# DATA EXTRACT
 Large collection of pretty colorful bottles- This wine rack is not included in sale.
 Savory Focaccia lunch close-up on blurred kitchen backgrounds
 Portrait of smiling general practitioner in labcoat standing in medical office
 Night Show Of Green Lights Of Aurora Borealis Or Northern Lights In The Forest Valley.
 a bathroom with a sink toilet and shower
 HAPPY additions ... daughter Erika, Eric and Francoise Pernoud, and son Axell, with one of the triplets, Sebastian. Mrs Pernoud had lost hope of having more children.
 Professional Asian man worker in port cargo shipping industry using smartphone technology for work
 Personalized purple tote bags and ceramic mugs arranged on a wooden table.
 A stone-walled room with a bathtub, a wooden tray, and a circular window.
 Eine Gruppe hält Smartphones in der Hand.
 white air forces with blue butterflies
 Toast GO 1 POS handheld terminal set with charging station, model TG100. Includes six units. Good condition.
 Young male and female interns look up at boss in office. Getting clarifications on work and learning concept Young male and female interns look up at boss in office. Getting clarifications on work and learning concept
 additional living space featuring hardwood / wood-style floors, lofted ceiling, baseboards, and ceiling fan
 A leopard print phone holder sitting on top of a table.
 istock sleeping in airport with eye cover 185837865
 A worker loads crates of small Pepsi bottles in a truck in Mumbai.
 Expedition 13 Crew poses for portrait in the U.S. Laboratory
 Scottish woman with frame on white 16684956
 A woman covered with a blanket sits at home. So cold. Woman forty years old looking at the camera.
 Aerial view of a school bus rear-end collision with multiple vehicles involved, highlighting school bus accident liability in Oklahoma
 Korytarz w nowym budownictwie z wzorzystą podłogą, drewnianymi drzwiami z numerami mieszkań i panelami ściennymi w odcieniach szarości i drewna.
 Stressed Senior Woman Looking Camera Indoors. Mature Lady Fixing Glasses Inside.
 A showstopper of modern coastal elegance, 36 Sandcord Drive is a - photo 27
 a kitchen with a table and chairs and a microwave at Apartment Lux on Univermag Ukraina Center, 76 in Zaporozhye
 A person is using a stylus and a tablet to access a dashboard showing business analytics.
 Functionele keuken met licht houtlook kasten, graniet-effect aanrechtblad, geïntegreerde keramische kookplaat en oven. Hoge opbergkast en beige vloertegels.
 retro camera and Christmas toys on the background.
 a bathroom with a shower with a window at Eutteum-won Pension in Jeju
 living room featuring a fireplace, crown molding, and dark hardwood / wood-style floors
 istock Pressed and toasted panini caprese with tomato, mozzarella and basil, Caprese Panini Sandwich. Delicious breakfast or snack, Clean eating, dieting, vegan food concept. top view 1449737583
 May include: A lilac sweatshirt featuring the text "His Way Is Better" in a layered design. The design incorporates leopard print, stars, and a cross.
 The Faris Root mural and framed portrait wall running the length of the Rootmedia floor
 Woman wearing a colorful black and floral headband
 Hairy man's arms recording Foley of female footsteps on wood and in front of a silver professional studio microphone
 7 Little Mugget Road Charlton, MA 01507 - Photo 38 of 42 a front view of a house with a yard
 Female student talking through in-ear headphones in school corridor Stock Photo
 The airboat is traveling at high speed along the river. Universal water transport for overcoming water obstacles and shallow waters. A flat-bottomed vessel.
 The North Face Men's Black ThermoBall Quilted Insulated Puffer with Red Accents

# ASSIGNMENT
Gather and copy every line of the data in which the string "concept" is found.

# RESULT
 Young male and female interns look up at boss in office. Getting clarifications on work and learning concept Young male and female interns look up at boss in office. Getting clarifications on work and learning concept
 istock Pressed and toasted panini caprese with tomato, mozzarella and basil, Caprese Panini Sandwich. Delicious breakfast or snack, Clean eating, dieting, vegan food concept. top view 1449737583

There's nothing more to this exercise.